I'm quite new to Python, so any help will be appreciated. I am trying to extract and sort data from 2000 .mdb files using mdbtools
on Linux. So far I was able to just take the .mdb file and dump all the tables into .csv. It creates huge mess since there are lots of files that need to be processed.
What I need is to extract particular sorted data from particular table. Like for example, I need the table called "Voltage". The table consists of numerous cycles and each cycle has several rows also. The cycles usually go in chronological order, but in some cases time stamp get recorded with delay. Like cycle's one first row can have later time than cycles 1 first row. I need to extract the latest row of the cycle based on time for the first or last five cycles. For example, in table below, I will need the second row.
Cycle# Time Data
1 100.59 34
1 101.34 54
1 98.78 45
2
2
2 ...........
Here is the script I use. I am using the command python extract.py table_files.mdb.
But I would like the script to just be invoked with ./extract.py. The path to filenames should be in the script itself.
import sys, subprocess, os
DATABASE = sys.argv[1]
subprocess.call(["mdb-schema", DATABASE, "mysql"])
# Get the list of table names with "mdb-tables"
table_names = subprocess.Popen(["mdb-tables", "-1", DATABASE],
stdout=subprocess.PIPE).communicate()[0]
tables = table_names.splitlines()
print "BEGIN;" # start a transaction, speeds things up when importing
sys.stdout.flush()
# Dump each table as a CSV file using "mdb-export",
# converting " " in table names to "_" for the CSV filenames.
for table in tables:
if table != '':
filename = table.replace(" ","_") + ".csv"

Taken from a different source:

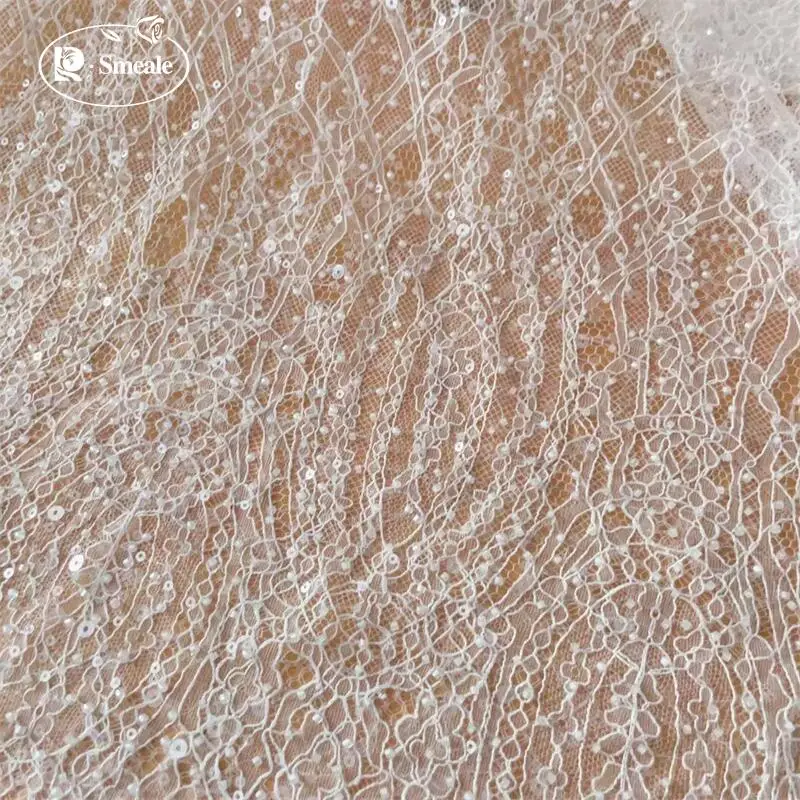 3 Yards. Weiße Perlen, Glitzernde Pailletten, Spitzenstoff. Luxuriöses Abendkleid aus französischer Spitze. Hochwertige Maßanfertigung für Braut- und Hochzeitskleider. – Detail 6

file = open(filename, 'w')
print("Dumping " + table)
contents = subprocess.Popen(["mdb-export", DATABASE, table],
stdout=subprocess.PIPE).communicate()[0]
file.write(contents)
file.close()
Personally, I wouldn't spend a whole lot of time fussing around trying to get mdbtools
, unixODBC
and pyodbc
to work together. As Pedro suggested in his comment, if you can get mdb-export
to dump the tables to CSV files then you'll probably save a fair bit of time by just importing those CSV files into SQLite or MySQL, i.e., something that will be more robust than using mdbtools
on the Linux platform.
A few suggestions:
Given the sheer number of .mdb
files (and hence .csv
files) involved, you'll probably want to import the CSV data into one big table with an additional column to indicate the source filename. That will be much easier to manage than ~2000 separate tables.
When creating your target table in the new database you'll probably want to use a decimal
(as opposed to float
) data type for the [Time] column.
At the same time, rename the [Cycle#] column to just [Cycle]. "Funny characters" in column names can be a real nuisance.
Finally, to select the "last" reading (largest [Time] value) for a given [SourceFile] and [Cycle] you can use a query something like this:
SELECT
v1.SourceFile,
v1.Cycle,
v1.Time,
v1.Data
FROM
Voltage v1
INNER JOIN
(
SELECT
SourceFile,
Cycle,
MAX([Time]) AS MaxTime
FROM Voltage
GROUP BY SourceFile, Cycle
) v2
ON v1.SourceFile=v2.SourceFile
AND v1.Cycle=v2.Cycle
AND v1.Time=v2.MaxTime